Abstract
Background
Older patients with non-small cell lung cancer (NSCLC) are often not prescribed standard therapy. It is important to know which older patients would be candidates for aggressive therapy based on their prognosis, and to develop a model that can help determine prognosis.
Methods
Data on older patients (≥70 years) enrolled on 38 NCI cooperative group trials of advanced NSCLC from 1991 to 2011 were analyzed. Multivariable Cox PH model was built with a stepwise selection. We derived a prognostic score using the estimated Cox PH regression coefficient. We then calculated the area under receiver operating characteristic (ROC) curve of survival in the testing set.
Results
The final analysis included 1467 patients, who were randomly divided into a training (n=963) and a testing set (n=504).

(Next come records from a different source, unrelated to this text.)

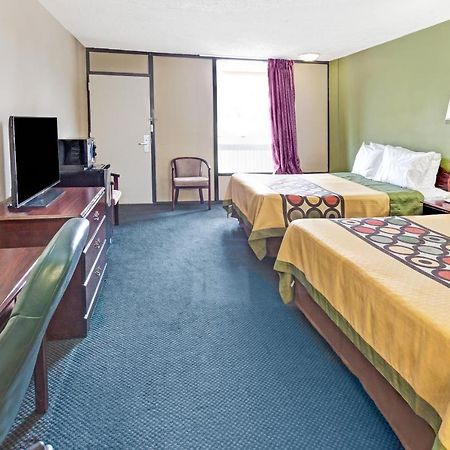Super Inn & Suites แคร์รอลตัน ภายนอก รูปภาพ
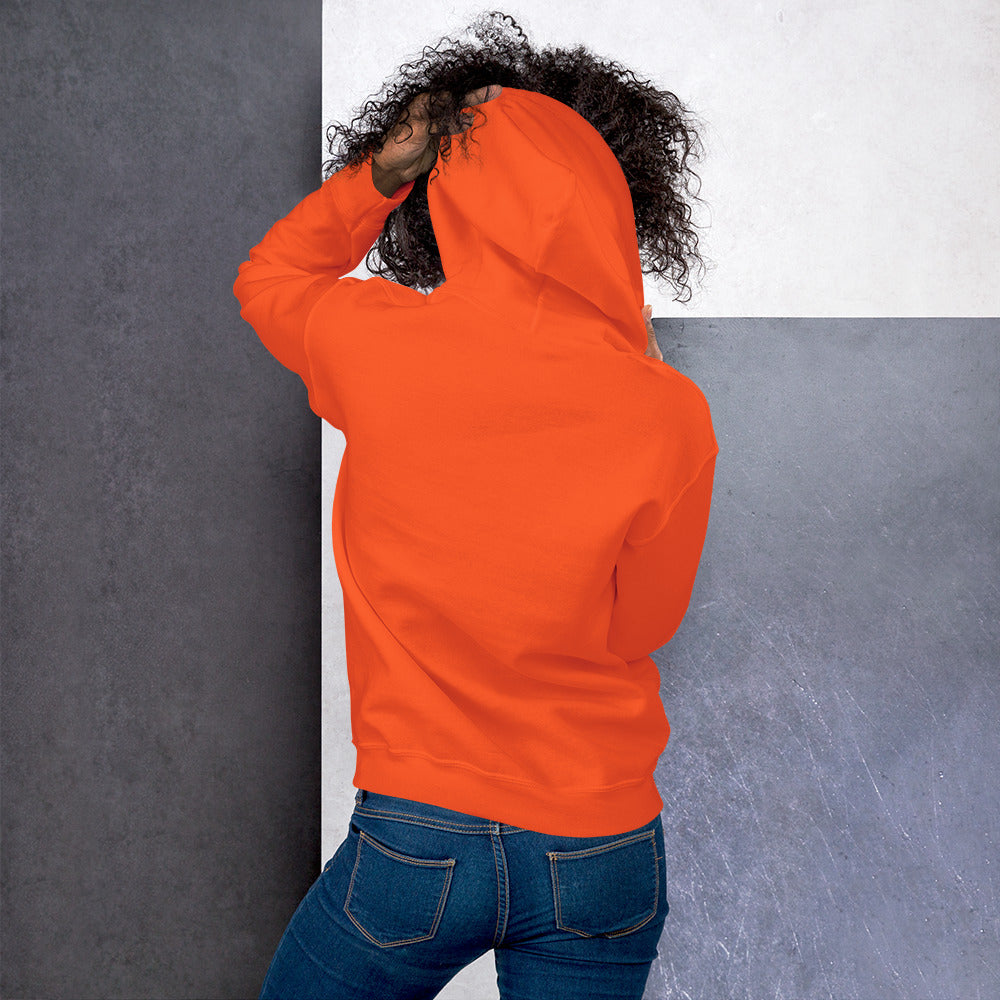Ein weibliches Model zeigt sich von der Rückseite mit dem Kapuzenpullover "The Orange One" und hält mit der linken Hand die Kapuze hoch.
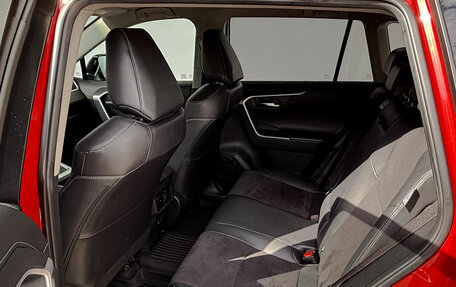 Toyota RAV4, 2021 год, 3 900 000 рублей, 18 фотография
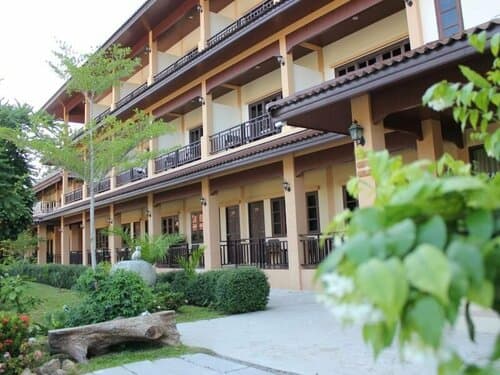 Внешний вид отеля Kanlaya Park Apartment Hotel в Баане Тае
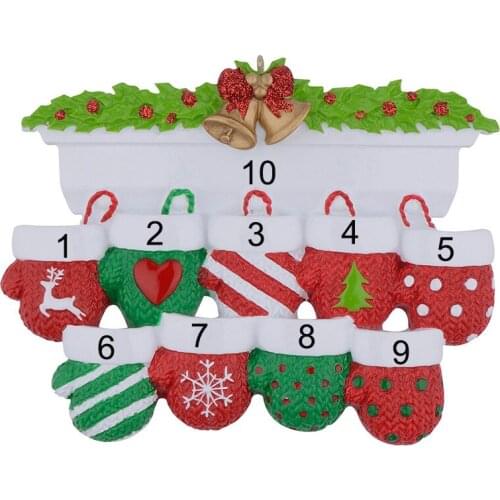 Mantel Gloves Family of 9 Polyresin Personalized Christmas Ornaments Hand Painted Textured Figurine For Gifts Home Decoration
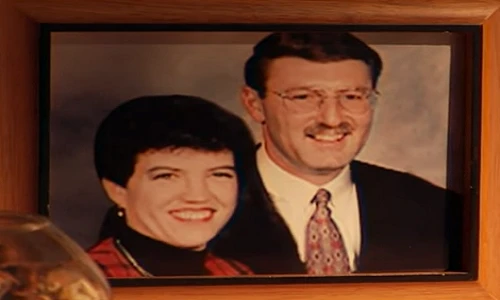 Người chết vạch mặt chồng bằng lá thư trong tủ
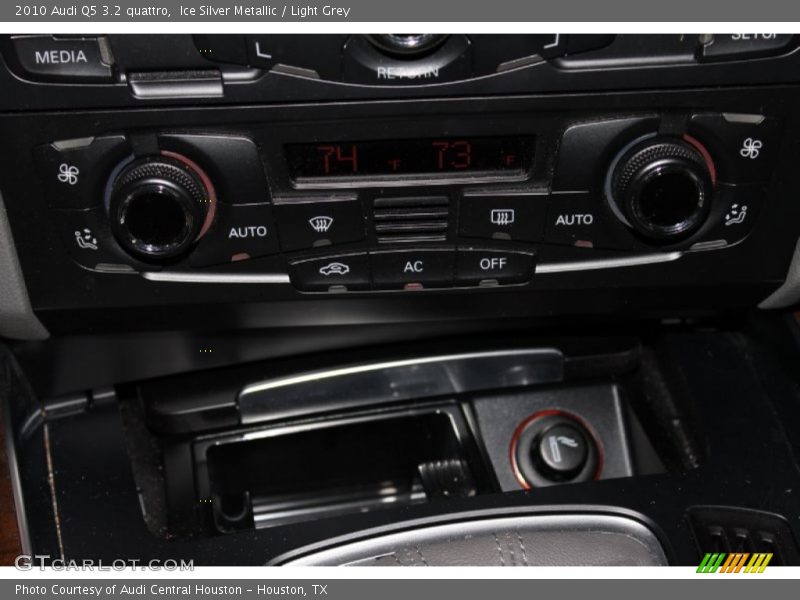 Ice Silver Metallic / Light Grey 2010 Audi Q5 3.2 quattro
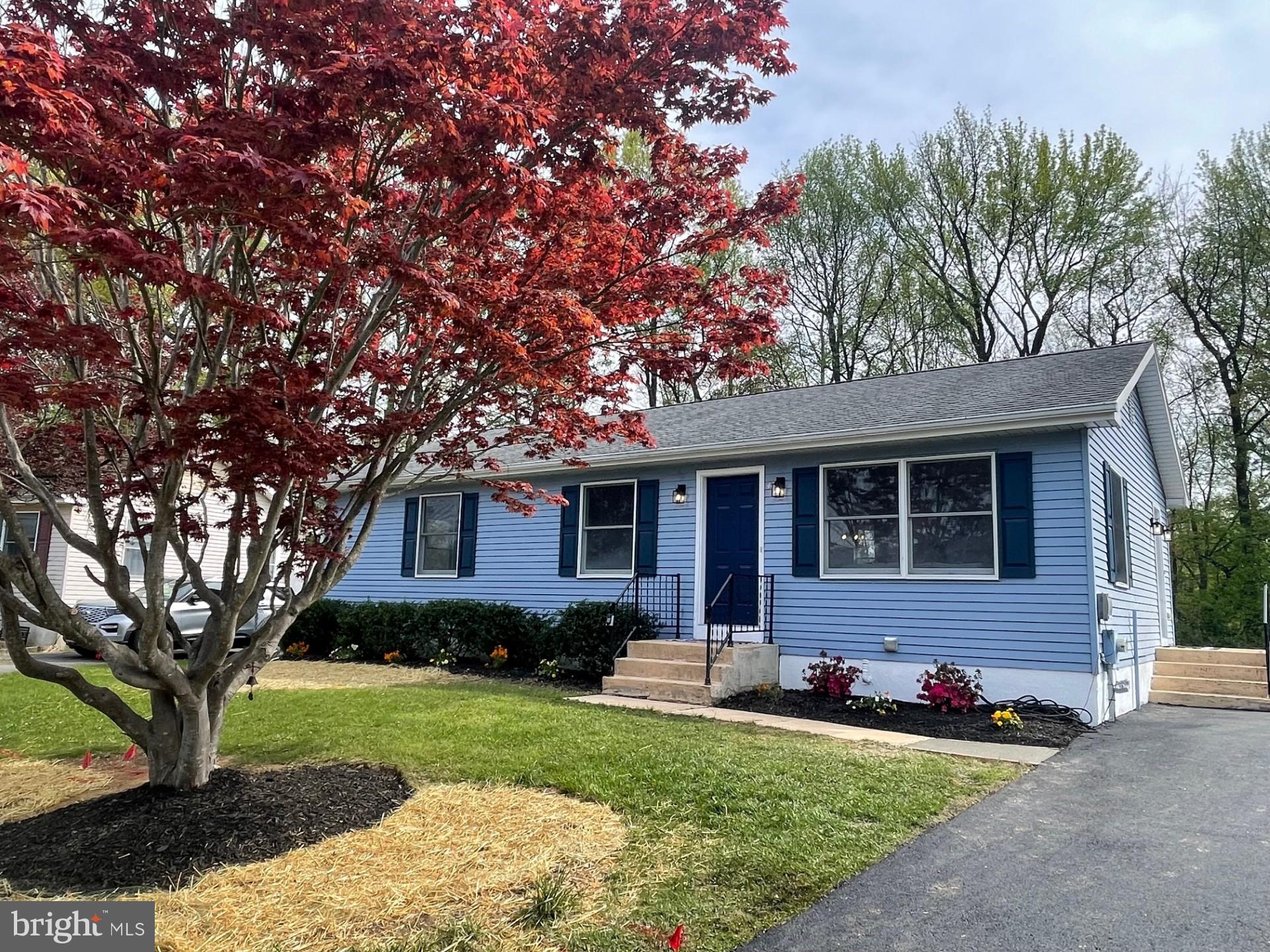 NEWARK OAKS - Residential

The prognostic risk score was calculated as: 3 (if male) + 3 (if PS=1) + 8 (if PS=2) + 11 (if initial stage=IV) + 4 (if weight loss). Patients were classified into two prognostic groups: good (0–8) and poor (≥9). The median survival in the two groups in the testing set were 13.15 (95% CI, 10.82–15.91) and 8.52 months (95% CI, 7.5–9.63), respectively. The model had area under the 1-year and 2-year ROCs (0.6 and 0.65, respectively) that were higher than existing models.
Conclusions
Male gender, poor performance status, distant metastases and recent weight loss predict for poor overall survival (OS) in older patients with advanced NSCLC. This study proposes a simple prognostic model for older adults with advanced NSCLC.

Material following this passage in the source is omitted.